Die Besonderheiten Viertels brachten auch mit sich, dass er innerhalb des deutschsprachigen Exils in England und in den USA eine nicht unerhebliche Mittlerrolle spielen konnte. Durch die Filmarbeit in Hollywood und London war er nicht nur mit der englischen Sprache vertraut - er hatte gute Kenntnisse der Kultur des Exillandes und war mit vielen englischen und amerikanischen Künstlerinnen und Künstlern auch persönlich bekannt: mit Charlie Chaplin und Greta Garbo, Upton Sinclair und Dorothy Thompson, Sinclair Lewis und Arthus Miller, Harold Clurman und Charles Laughton.

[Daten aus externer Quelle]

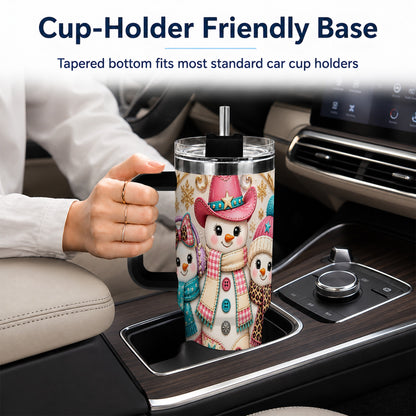 #pl[40oz|Black] Western Snowmen 40oz Tumbler with Handle, Cowgirl Christmas Travel Cup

Er nützte diese Kontakte unter anderem dazu, um - in manchen Fällen vergeblich - die Emigration von in Europa Bedrohten in die USA zu betreiben. Salka Viertel, von der er sich 1932 getrennt hatte, ohne die enge freundschaftliche Bindung aufzugeben, hat auf diesem Gebiet die wichtigere Rolle gespielt.

Durch seine Herkunft und seinen beruflichen Werdegang zählte Berthold Viertel gleichermaßen zum österreichischen und zum deutschen Exil und verstand es, die gemeinsamen kulturellen Interessen wahrzunehmen, ohne sich über die Unterschiede einfach hinwegzusetzen. In den USA stellte er durch sein häufiges Pendeln zwischen New York und Kalifornien Verbindungen zwischen den Emigrationen der West- und der Ostküste her - die aufgrund der räumlichen Entfernung und der anders gearteten Lebensbedingungen von der Exilliteraturforschung heute wie zwei verschiedene Exilländer behandelt werden.

"Sein Herz war", wie Ernst Fischer sagte, "links, wohin es gehört", doch blieb er für Liberal-Konservative ebenso ein Gesprächspartner wie für Sozialisten und Kommunisten. Eine scharfe Trennungslinie zog er nur zu den österreichischen Monarchisten und den Austrofaschisten, die noch im Exil vom Habsburgerreich bzw. vom "Christlichen Ständestaat" träumten.

Es nimmt daher nicht wunder, dass er an etlichen Initiativen des Exils, sich kulturell und politisch zusammenzuschließen, maßgeblich beteiligt war. Er gehörte - zusammen mit Johannes R. Becher, Albert Einstein, Lion Feuchtwanger, Oskar Kokoschka, Heinrich Mann und Stefan Zweig - dem Präsidium des im Dezember 1938 in London gegründeten "Freien Deutschen Kulturbundes" an und war nach Kokoschka das wohl aktivste Präsidiumsmitglied. Gleichzeitig vertrat er die "englische Sektion" der in Paris gegründeten "Ligue pour l'Autriche vivante". In den USA schloss er sich zunächst der German-American Writers Association an (Ehrenpräsident Thomas Mann, Präsident Oskar Maria Graf), deren Selbstauflösung im Sommer 1940 eine Konsequenz der durch den Hitler-Stalin-Pakt ausgelösten (doch nicht verursachten) Krise der Exilpolitik war.

Im Herbst 1941 stand Viertel als ein Proponent für die in New York tätige "Tribüne für Freie Deutsche Kunst und Literatur in Amerika" ein, die ihn wiederholt zu Lesungen seiner Gedichte und zu den - oben bereits genannten - Inszenierungen heranzog. 1944 fungierte er mit Ernst Bloch, Brecht, Ferdinand Bruckner, Alfred Döblin, Feuchtwanger, Wieland Herzfelde, Heinrich Mann, Ernst Waldinger und F.C. Weiskopf als Gründer des "Aurora Verlages", in dem 1946 sein Gedichtband "Der Lebenslauf" erschien. Im selben Jahr findet sich sein Name auch unter den Unterzeichnern des Aufrufs des von Paul Tillich initiierten "Council for a Democratic Germany". Dazwischen erwog er mit Klaus Mann weitere Projekte, traf sich häufig mit ihm und Isherwood, um die allgemeine Lage und die Perspektiven der Exil-Kultur zu diskutieren, wie im Tagebuch von K. Mann verzeichnet ist.